Similarly, Adler says that young children are happy when they’re given the freedom to explore, are provided unconditional love and have people around them who build their self-esteem.
As kids grow up, MacMannis reports that happiness levels are “increasingly defined by success and failure at learning new tasks—academically, socially and emotionally—and by their relationships with other kids.”
Attempts to impress peers, get into university or land a good job can really weigh on an adolescent’s happiness. Having the support of family and friends, and being encouraged to exercise and eat well, can help during these stressful times. ?
“No child can be happy all the time,” says MacMannis, “but kids can become happier with improved character, social and emotional skills.” He recommends that parents teach teens the emotional tools for living well, such as how to handle anger or manage stress.
“When we are younger, what brings us happiness is forging ahead,” says psychotherapist Christina Steinorth-Powell. For many young adults, she notes that some of their greatest joys come from reaching goals, such as buying their first home.
This shifts when we get older. “As we age, we realise that ‘stuff’ won’t make us happy,” says psychologist Samantha Madhosingh. “I think this is why many people go through a ‘midlife’ crisis. They realise that things don’t make you happy and begin to search for more meaning in their life.”
By this life stage, it’s also not uncommon for us to have experienced loss or a serious illness. “By the time middle age rolls around,” says Steinorth-Powell, “most of us have a better understanding of how fragile life really is, so what tends to bring us the most happiness is holding on to and appreciating what we have.”
This becomes even truer as we enter our golden years. “As seniors, we tend to be happy when we have good health, a close friend, a good relationship with our spouse and a secure living environment,” says Steinorth-Powell. “Mention these types of things to a younger person and ask them if they would be happy with just these few things and most would say yes, but they would want more—a bigger home, a better career and to be more popular.
As we get older, we slowly learn to appreciate more of what we already have, and that in itself brings feelings of happiness.”
The secret to happiness
“No matter where you’re starting from, you can go to your next level of happiness,” says psychotherapist Jennifer Howard. According to Howard, it starts with recognising that happiness comes from within, not from getting everything you want. “Having everything we want in any given moment is closer to addiction than it is to happiness,” she warns. “Remember, happiness is more than momentary gratification.”
The secrets to happiness
Creating more abundant, genuine happiness can be as simple as doing the following.

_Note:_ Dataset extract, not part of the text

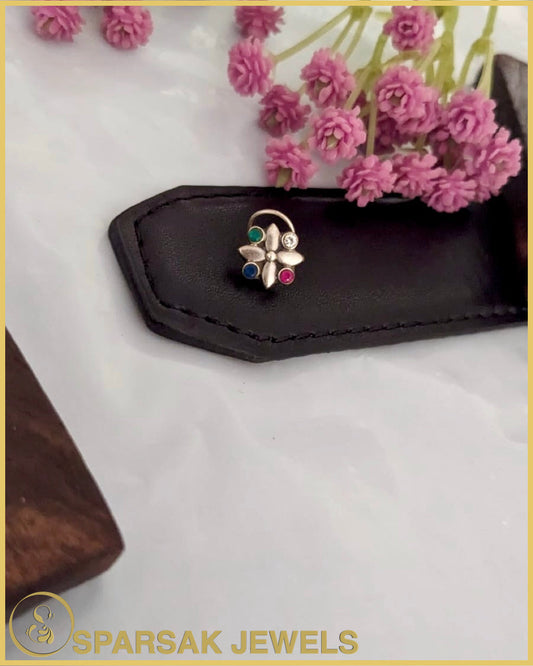 Traditional Indian Design Silver Nosepin by Sparsak Jewels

Multiple studies have shown that expressing gratitude increases happiness. “Taking a minute or two to say silent thank-yous from your heart is a wonderful and rapid way to boost your level of happiness,” says psychotherapist Jonathan Robinson.
Let go of what you can’t control
Research shows we have a greater sense of well-being when we accept what can’t be changed. “Practise acceptance of situations and people,” says Alborzian. “What is it that takes our joy away that leads to unhappiness? It is mainly our expectations that things should be different instead of accepting that they are the way they are for a reason.”
“It’s been shown that a small act of kindness towards a stranger is a powerful way to boost your sense of well-being,” says Robinson.
Volunteer or give to a good cause
Research has linked charitable giving with happiness in adults, as did a similar study with children. “Giving back helps us think outside of ourselves,” says Steinorth-Powell. “Rather than dwelling on all of our problems, we are reminded how good we actually have it.”
Be aware of life’s little joys
“The smaller elements of life cumulatively contribute to an overall feeling of happiness,” says Greer. A kiss from your child or a good heart-to-heart with a friend can do more for your happiness than you realise.